The shoddy and dishonest mortgage practices that hurt so many and were supposed to be ended with a nice huge settlement, have just moved to another corner of the banking arena.
A growing number of homeowners trying to avert foreclosure are confronting problems on a new front as the mortgage industry undergoes a seismic shift.Rapid growth has caused many of the same problems to reappear and the knowledge that any penalties will be affordable in the face of huge profits to be made has the servicers ROTFLTAO. Nothing will get fixed until some gets put in a PHITA jail.
Shoddy paperwork, erroneous fees and wrongful evictions — the same abuses that dogged the nation’s largest banks and led to a $26 billion settlement with federal authorities in 2012 — are now cropping up among the specialty firms that collect mortgage payments, according to dozens of foreclosure lawsuits and interviews with borrowers, federal and state regulators and housing lawyers.
These companies are known as servicers, but they do far more than transfer payments from borrowers to lenders. They have great power in deciding whether homeowners can win a mortgage modification or must hand over their home in a foreclosure.
And they have been buying up servicing rights at a voracious rate. As a result, some homeowners are mired in delays and confronting the same heartaches, like the peculiar frustration of being asked for the same documents over and over again as the rights to their mortgage changes hands.
Wanda Darden of Riverdale, Md., has been bounced among three separate servicers since January 2012. Each time, the mix-ups multiply. “I either get conflicting answers or no answer at all,” said Ms.
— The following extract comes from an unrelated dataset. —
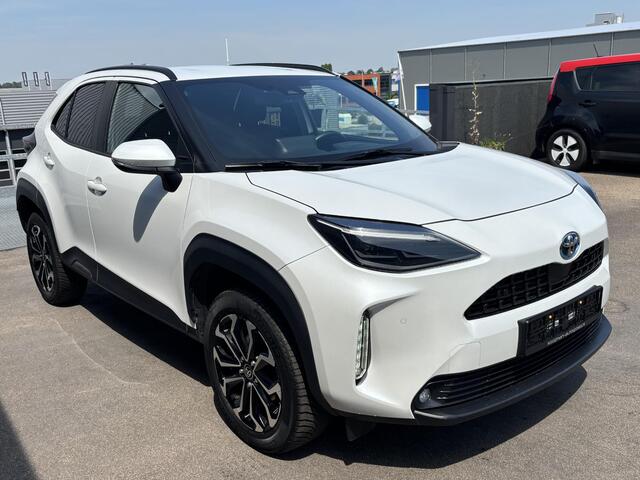 Toyota YARIS Cross 1.5 Hybrid Dynamic PLUS Dodehoekdetectie, Stoelverwarming, Parkeersensoren voor + achter, LMV, LED, Smart Key, Privacy glass, Elek. inklapbare spiegels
Darden, who is 62.
Servicing companies like Nationstar and Ocwen Financial now have 17 percent of the mortgage servicing market, up from 3 percent in 2010, according to Inside Mortgage Finance, an industry publication.
At first, some federal housing regulators quietly cheered the shift to the specialized companies, thinking that they could more nimbly help troubled homeowners without the same missteps. But as the buying bonanza steps up, some federal and state regulators are worried that the rapid growth could create new setbacks like stalled modifications for millions of Americans just as many were getting back on track from the housing crisis.
This month, New York State’s top banking regulator, Benjamin M. Lawsky, indefinitely halted the transfer of about $39 billion in servicing rights from Wells Fargo to Ocwen.
Katherine Porter, who was appointed by the California attorney general to oversee the national mortgage settlement, says complaints about mortgage transfers have surged, adding that the servicing companies have “overpromised and underdelivered.” Her office alone has received more than 300 complaints about servicing companies in the last year.